John sighed softly to himself; always the hardest question. “Everyone passes in their own time,” he said. “I can’t tell you for certain when it will be, but I can show you what I saw.”
Mrs. Hudson moved to Mrs. Turner’s side and put an arm around her shoulders, holding her close as John explained the mottling of Danny’s extremities, the coolness and purple coloration indicating loss of circulation as the body began to shut down, keeping blood flow to the core; the weak pulses and slow respirations from the dying process and medication; the slowing bowel, and finally, how the unresponsiveness could last hours or days, but that is was well-believed he could still hear them talking.
“His breathing…..” Mrs. Turner bit her lip, fixing her eyes on Danny’s chest and the soft gurgling, wet sound on each inhale. “It’s the death rattle, isn’t it? Like the shows on the telly?”
John nodded, even as he simultaneously cursed the lack of thought that often went into medical programs; how often accuracy was sacrificed for drama. He refused to watch most of those shows now, especially since Afghanistan. While Sherlock yelling at crap telly such as reality programs and talk shows was entertaining for John, and a study in humanity’s most ridiculous horizons for Sherlock, John could only be amused by medical programs for so long before the shaking head and snorted, disbelieving laughter became real, burning anger as he recalled actual cases and patients of his: those who had come to him with frighteningly harmful misconceptions of human health from those shows, and those who had suffered horrific diseases or injuries only to have their specific suffering minimized, improperly dramatized, or mocked in some stupid television show. “Yes, but it’s not as bad as the telly makes it out to be. He’s not in any distress.”
Mrs. Turner’s eyes widened in disbelief.
John smiled gently. “I know it sounds bloody awful, but it’s just the sound of saliva in the back of his throat. The muscles have loosened and he isn’t swallowing and clearing it away as he normally would. When I listened to his lungs, there wasn’t any fluid in them. It may sound like he’s drowning, but he really isn’t.”
Mrs. Turner’s face crumpled. “Is there any way to….clear the fluid?”
John understood the fearful discomfort that the rattle brought. It was a terrible sound to those sitting vigil, even if it didn’t hurt the dying person. “Suctioning it out usually doesn’t help and can be quite traumatic for the person….”
“Oh no, I don’t want that,” Mrs. Turner was quick to interject.
“I know,” John soothed. “But there are medications, like hyoscine, that can help dry up the secretions. I’ll talk to his nurse about trying a dose from the emergency drug pack when she gets here.”
“Thank you…….oh, dear,” Mrs. Turner interrupted herself, pausing in her readjustment of the blankets when her hand found a small circle of dampness. She moved to stand up. “I’ll just get some towels…..”
Mrs. Hudson, already halfway to the door to get some from the bathroom, startled at the sound of the doorbell and hustled downstairs to answer it instead.

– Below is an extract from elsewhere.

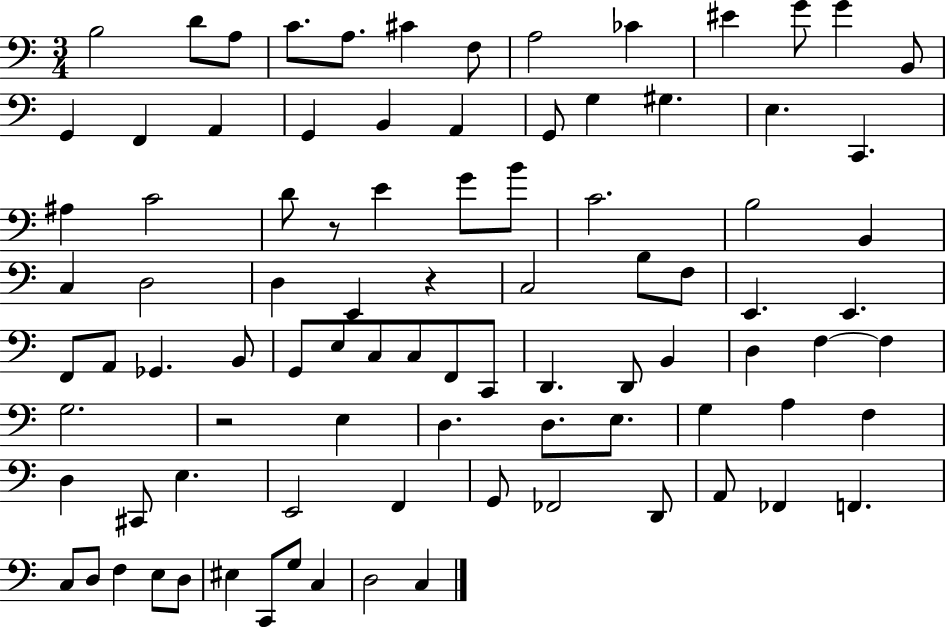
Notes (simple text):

B3/h D4/e A3/e C4/e. A3/e. C#4/q F3/e A3/h CES4/q EIS4/q G4/e G4/q B2/e G2/q F2/q A2/q G2/q B2/q A2/q G2/e G3/q G#3/q. E3/q. C2/q. A#3/q C4/h D4/e R/e E4/q G4/e B4/e C4/h. B3/h B2/q C3/q D3/h D3/q E2/q R/q C3/h B3/e F3/e E2/q. E2/q. F2/e A2/e Gb2/q. B2/e G2/e E3/e C3/e C3/e F2/e C2/e D2/q. D2/e B2/q D3/q F3/q F3/q G3/h. R/h E3/q D3/q. D3/e. E3/e. G3/q A3/q F3/q D3/q C#2/e E3/q. E2/h F2/q G2/e FES2/h D2/e A2/e FES2/q F2/q. C3/e D3/e F3/q E3/e D3/e EIS3/q C2/e G3/e C3/q D3/h C3/q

“The nurse and I can clean him up,” John said gently. “When was the last time you slept in your bed?” he asked, noting the well-worn chair she was slumped into.
“I had a brief lie-down when the Macmillan nurse was here this morning. It’s just…..ever since he got like this, I’m afraid to leave him. I don’t want him to die alone,” she choked.
“Doctor Watson and I can be with him for a bit, Mrs. Turner. Why don’t you and Mrs. Hudson have some tea, maybe get some air? We won’t leave him alone,” Diane, the district nurse, said from the doorway.
Mrs. Turner smiled, warm and watery, at the familiar presence. “Diane, dear. I’m sorry to drag you out too.” She pushed on as Diane went to speak. “I know it’s your job, but I’m still going to thank you.”
Diane chuckled. “My pleasure. Mrs. Hudson filled me in on the way up, and if Doctor Watson here doesn’t mind giving me another set of hands, we’ll get Danny comfortable and see what else he needs.”
John nodded his agreement.
Mrs. Hudson stepped forward and guided Mrs. Turner up by the elbow. “Come on, dear. I’ll make you that cuppa.”
Once the two women left the room, Diane stepped in and strode to John’s side, holding out a hand. “Diane Weston. Lovely to finally meet you, Doctor Watson.”
John shook her hand, firm and warm. “Same. And John, please.”
“Right, then,” Diane nodded, setting down her own bag next to John’s and pulling out a spray bottle, thick disposable cloths, and gloves. “Shall we?” she motioned to the wet blanket.
Half an hour later, Diane went out to the kitchen and updated Mrs. Turner, who was then guided back into the bedroom to find Danny in clean bedding and pajamas, a urinary catheter in place for dryness and comfort, pillows placed under his heels and along his left side to ease the pressure on his body, and a fan gently blowing air across his face to manage any potential feelings of air hunger.
“Oh, he looks so peaceful,” Mrs. Turner breathed, eyes shining at Danny’s unlined face. “Even that awful rattling sound isn’t as bad.”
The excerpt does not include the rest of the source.